Sorry … I meant 20 peers to the relay nodes.
I already had the peers to my block producer limited to 3 (since we run 3 relay servers).

My Block Producer was running on 4 CPU / 16GB; I changed it to 8 CPU / 32GB but the results are the same.

I guess I’ll have to dig some more :wink:

Good people out there. Just now I have 80 missedSlots on 19h35min runtime. My gut feeling is that is way too much, but I’d love to see how I am doing compared to others. Could you share your missed slot numbers for reference.

0 missed slots on almost 44h runtime. Restarted with the epoch switch. Before that 0 missed slots for 5 days.

8 cores/ 32 GB ECC ram / 512 GB nvme

1 Like

IMO, it’s not so much the number, but the rate it increases over time once the first blocks are missed. It’s like the node is running into some critical state, where it’s no longer running without missing slots about every 30 min.

ATM, the problem goes away with the restart of the bp node, thus resetting from that critical state. As I said, I’ll add another (second) relay later this month. If that does not mitigate the situation, then IMO it makes sense to file an issue on github for cadrdano-node.

And for 48 hours runtime, had 0 missed slots, until this morning.
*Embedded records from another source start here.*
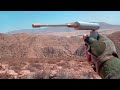 سنگ آئینه محل جلوس الهه رشنو و حصار محصوره مقدسه را در مکان نامی مشاهده فرمایید دکترابراهیمی سنگ آئینه محل جلوس الهه رشنو و حصار محصوره مقدسه را در مکان نامی مشاهده فرمایید دکترابراهیمی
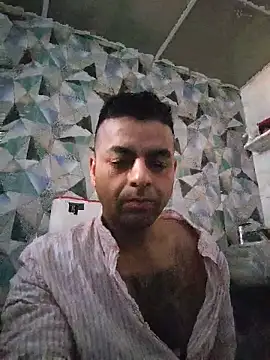Snapshot of ashleellaunda7582 chatting on June 2026 04:28:01 AM ashleellaunda7582 online show from June 2026 04:28:01 AM
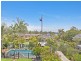 Summerland Point NSW 2259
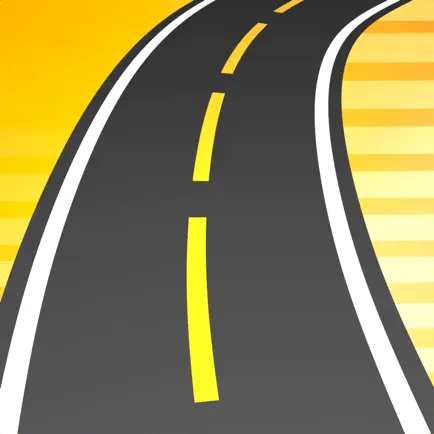 Road Paint Cheats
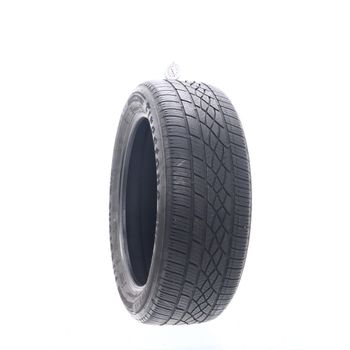 Used 245/50R20 Firestone Firehawk AS V2 102V - 5.5/32
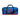 Jammin’ to Sobriety Duffle Bag – Bold, Bright, and Built to Move - Duffel Bag - Sobervation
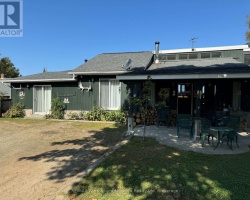 Property for Sale on 1 GENE'S COURT, 
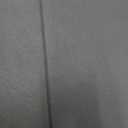 15.6 Portable Monitor 1920 x 1080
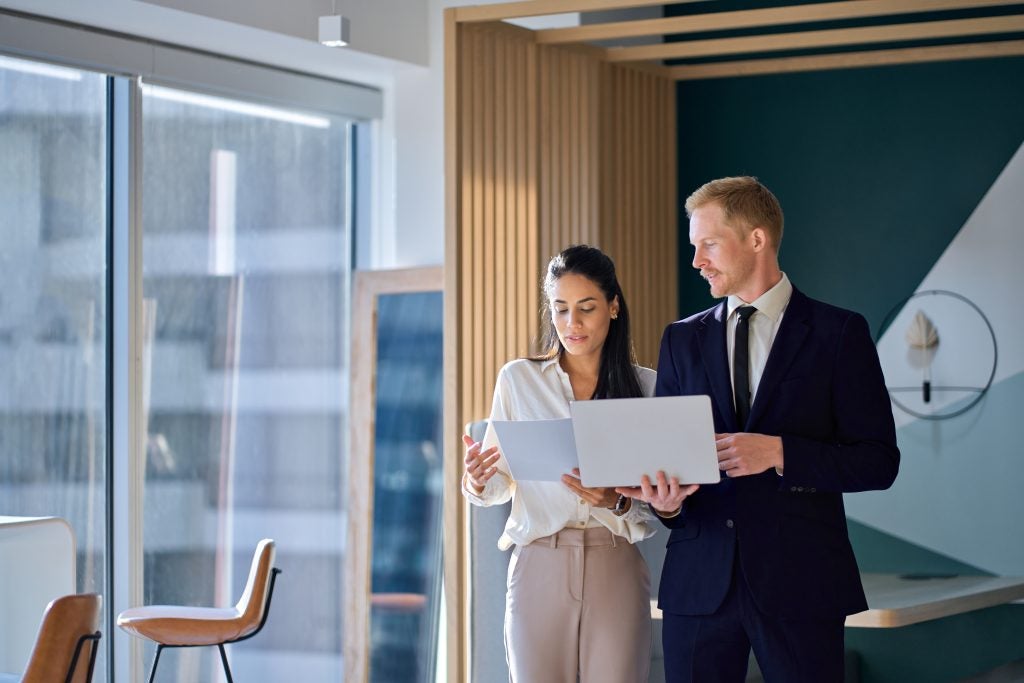 estate tax planning maryland, columbia md estate lawyer, rockville estate planning attorney, annapolis tax protection strategies, maryland estate planning tips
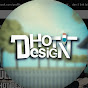 Dhot Design Official 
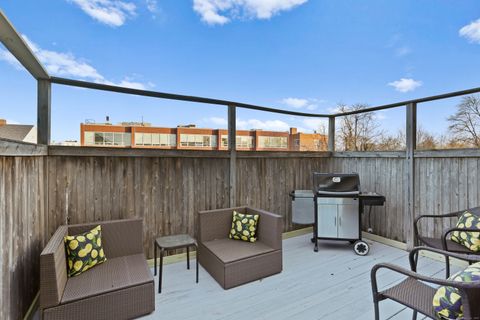 Tiny photo for 65 Thorpe Street #65, Fairfield, CT 06824 (MLS # 24141655)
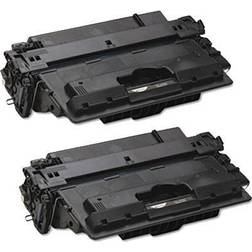 Printerinks Compatible Multipack HP LaserJet M5035x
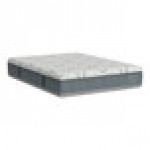 Rize Home Cool Choice 14
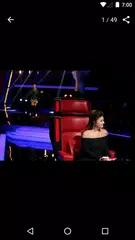 Acunn APK Herunterladen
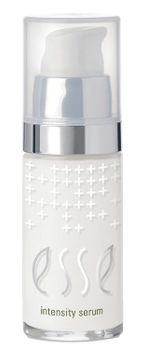 ESSE Plus - Intensity Serum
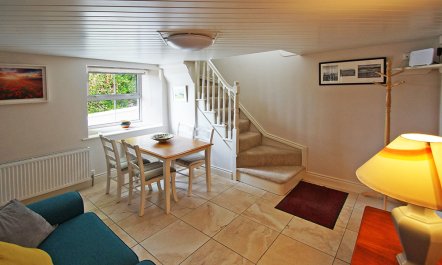 3 Bed in Baltimore 6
Then started getting 2 missed slots about every 2 or 3 hours. Two more missed slots a couple of minutes ago but load averages at 0 and memory usage looks normal (35%). Cloud metrics don’t show any spikes that coincide with the missed blocks. So, not an increasing rate of missed slots. Two relay nodes, bp running at 2 cpu 16gb ram. Is that enough, or is the true minimum system requirements higher than that?

I believe the recommended is still 16GB ram, but I would definitely try 4 core 16GB to see if you still have missed slots.
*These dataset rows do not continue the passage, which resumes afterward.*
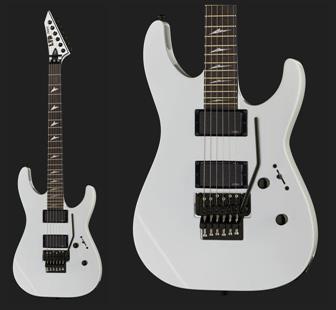 review esp-ltd-m-1000-ebony-sw review esp-ltd-m-1000-ebony-sw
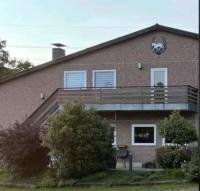 Ferienwohnung - Monteurwohnung am Nauerhof Bottrop - Bed and Breakfast Bottrop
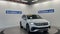 2022 Volkswagen Tiguan SEL R-Line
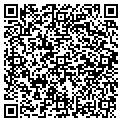 QR code with Bp contacts
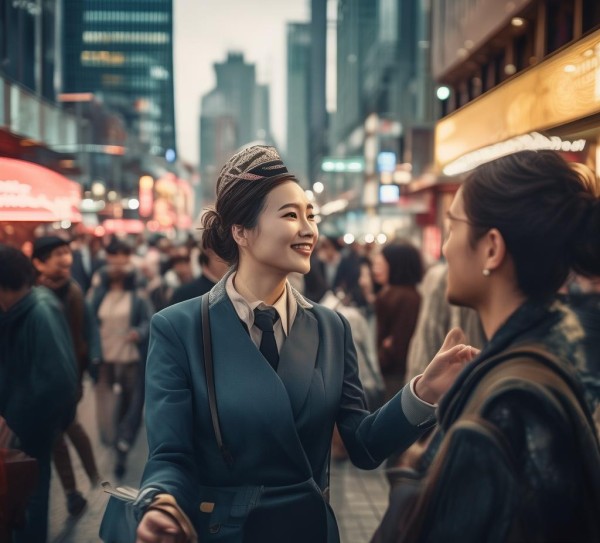 让酒店服务成为城市生命线 让酒店服务成为城市生命线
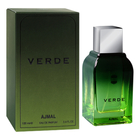 Ajmal Verde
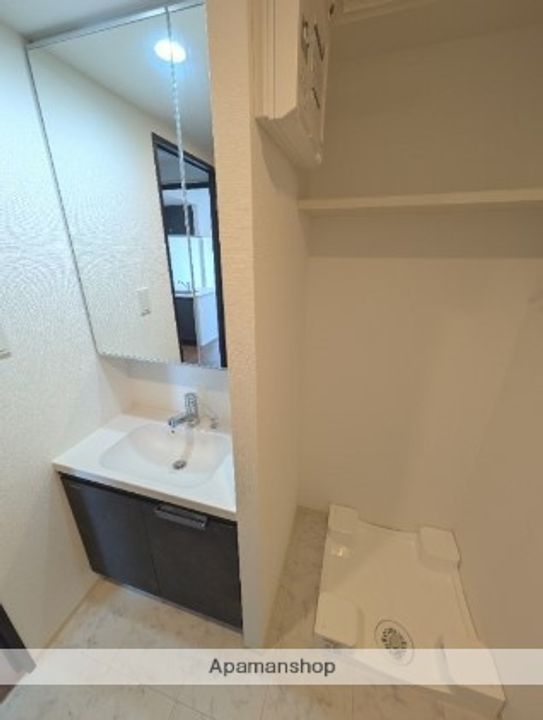 CREALPREMIER西馬込のその他画像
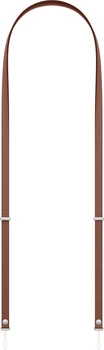 Pasek do telefonu Apple Crossbody Strap Sienna (MGGN4)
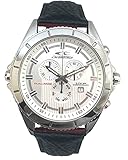 Chronotech
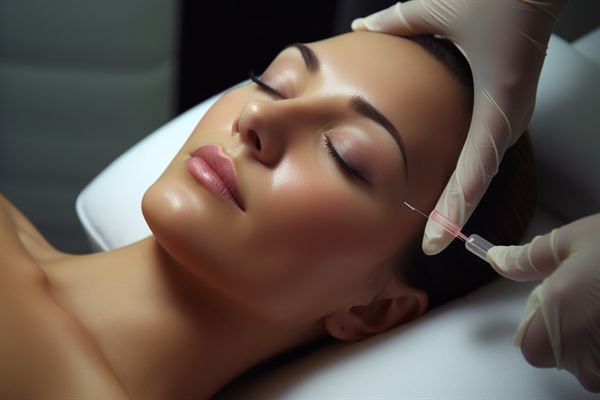 昆山五家整形醫(yī)院排名榜單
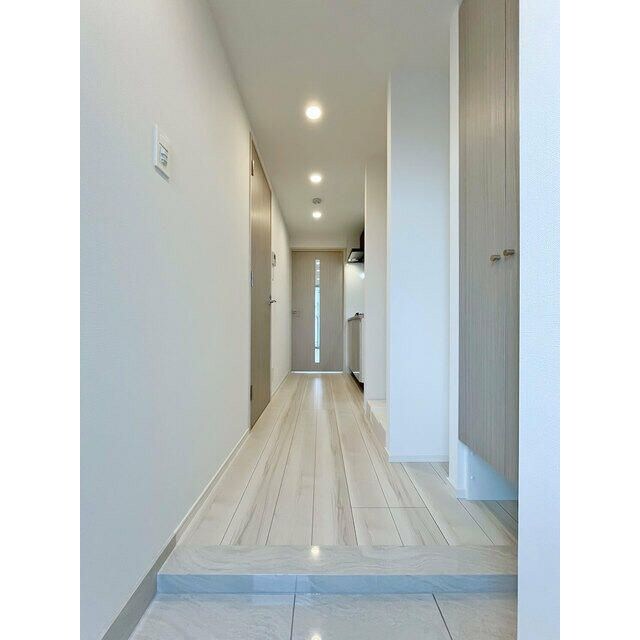 物件内観写真12　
Thanks @QCPOLstakepool. I’ll give that a try. However not sure if I want to pay $120 per month for the cloud service, but will be interesting to see if it improves. I did turn tracemempool off and restarted. In the 16 hours since doing that and the restart, 6 missed slots.

Has anyone seen Network delay calculation based on logs ? Interesting script for getting delay metrics

image
image

Thanks. I’ll look into contabo. I’m currently running dedicated servers on DigitalOcean. I was influenced by https://docs.cardano.org/getting-started/guidelines-for-large-spos even though I’m a very small SPO, so I thought my nodes should not be on VPS. However, if a VPS at 8 vCPU/30 RAM is just as good if not better than a dedicated 4 vCPU/16 RAM, then it’s time to switch.
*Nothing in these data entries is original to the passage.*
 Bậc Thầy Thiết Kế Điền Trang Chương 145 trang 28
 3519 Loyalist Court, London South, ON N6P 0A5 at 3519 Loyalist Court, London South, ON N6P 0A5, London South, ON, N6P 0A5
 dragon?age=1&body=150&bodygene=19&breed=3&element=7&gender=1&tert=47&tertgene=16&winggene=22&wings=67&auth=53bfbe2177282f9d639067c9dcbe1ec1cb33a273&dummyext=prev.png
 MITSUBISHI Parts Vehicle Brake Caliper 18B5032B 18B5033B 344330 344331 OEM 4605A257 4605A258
Should be enough for one server, use it if u have it!

Except for a 3-minute anomaly with a relay node following a topology updater update (140 missed slots) no missed slots since the 4 CPU resize. Over 24 hours have passed. Will keep monitoring. @Alexd1985 does your core node run on a Contabo VPS? Any issues with missed slots/blocks?